Prospective configuration change pushed for review under T222099. That change will transition only testwiki to use Kask, for testing. Once T222099 is closed and testing is complete, next steps will be:

  1. deploy a config change to switch 'default' value for wgSessionCacheType to 'kask-transition'
  2. confirm sessions are being happily stored to Kask and that logs are clear
  3. wait a sufficient time period so that all sessions are in Kask ($wgObjectCacheSessionExpiry is currently 3600)
  4. push a config change to:
    1. change 'default' value for wgSessionCacheType from 'kask-transition' to 'kask-session', thereby removing Redis and putting sessions solely in Kask
    2. change 'default' $wgObjectCacheSessionExpiry to match the Kask setting (if Kask uses something other than 3600)
    3. remove 'testwiki' overrides, so that it follows the 'default' setting
  5. confirm sessions are happily functioning and logs are clear

Note One: during the transition, testwiki will still be using a TTL ($wgObjectCacheSessionExpiry) value of 3600. The Kask TTL setting must therefore be at least 3600 seconds. If the Kask setting is longer, the transition will still be okay. But we will do more writes to Kask than we would with a longer settings, because MediaWiki will think the sessions need to be rewritten.

Note Two: removing the 'testwiki' overrides will not change anything for testwiki, because the new 'default' settings will match the 'testwiki' testing settings. Removing the overrides is just to simply configuration, because there will no longer be any need to override.

Note Three: I will push the config change for #1 above to Gerrit after testing under T222099 is complete. This is to ensure that no one misunderstands and deploys it early.
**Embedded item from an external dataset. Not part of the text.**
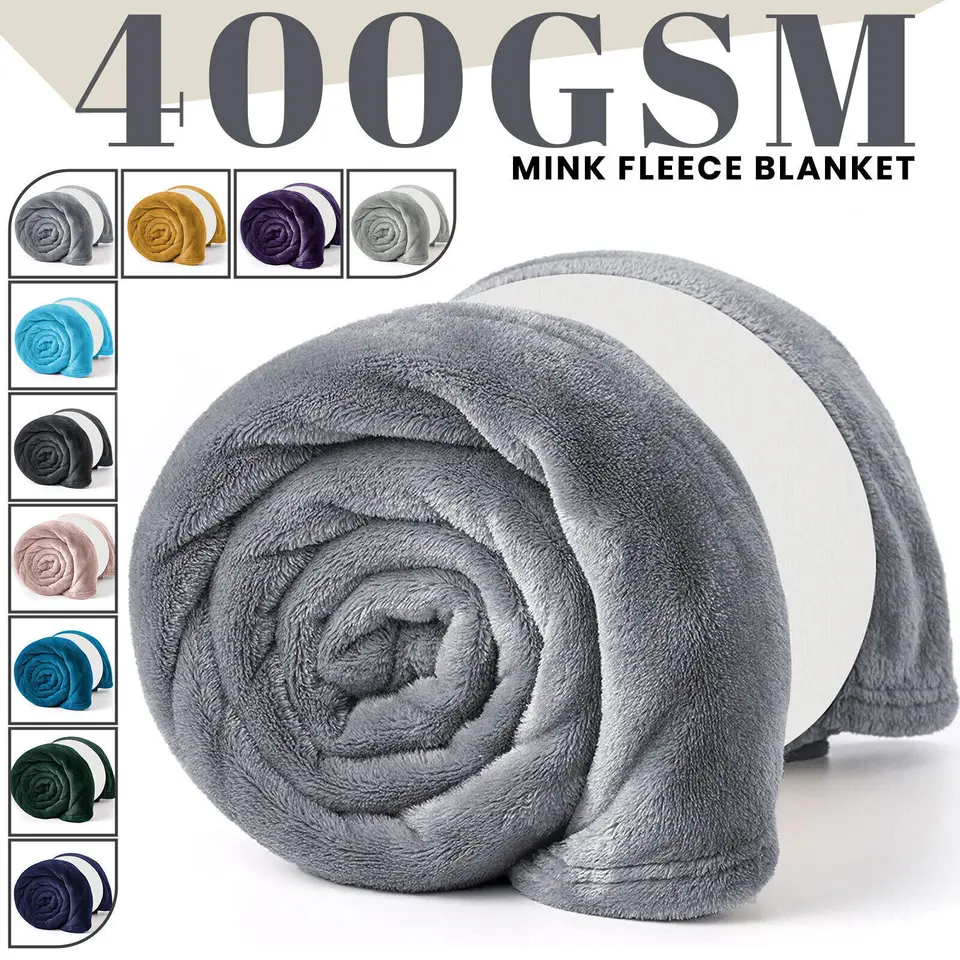AiTodos® Coperta Plaid in Microfibra 260gsm-200x150 cm, Coperta in Flanella, Coperta Pile per Divano Letto e Ufficio, Morbida, Calda e Lavabile in Lavatrice (Grigio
After discussion with @WDoranWMF and @daniel , it might be prudent to deploy to production in multiple steps. One option would be:

  1. deploy a config change to use testwiki as a staging server, under T222099
  2. test, check logs, and monitor until we are satisfied that testwiki and Kask are happy
  3. deploy a config change to make all wikis except English Wikipedia and Wikidata use Kask
    1. set default session storage to Kask
    2. add special cases for English Wikipedia and Wikidata so that they continue to use Redis for session storage
  4. test, check logs, and monitor until we are satisfied that the additional wikis are happy, and that Kask is still happy
  5. deploy a config change that removes the English Wikipedia and Wikidata special cases
  6. test, check logs, and monitor until we are satisfied that the entire system is happy
eprodromou subscribed.

So, this is done, right?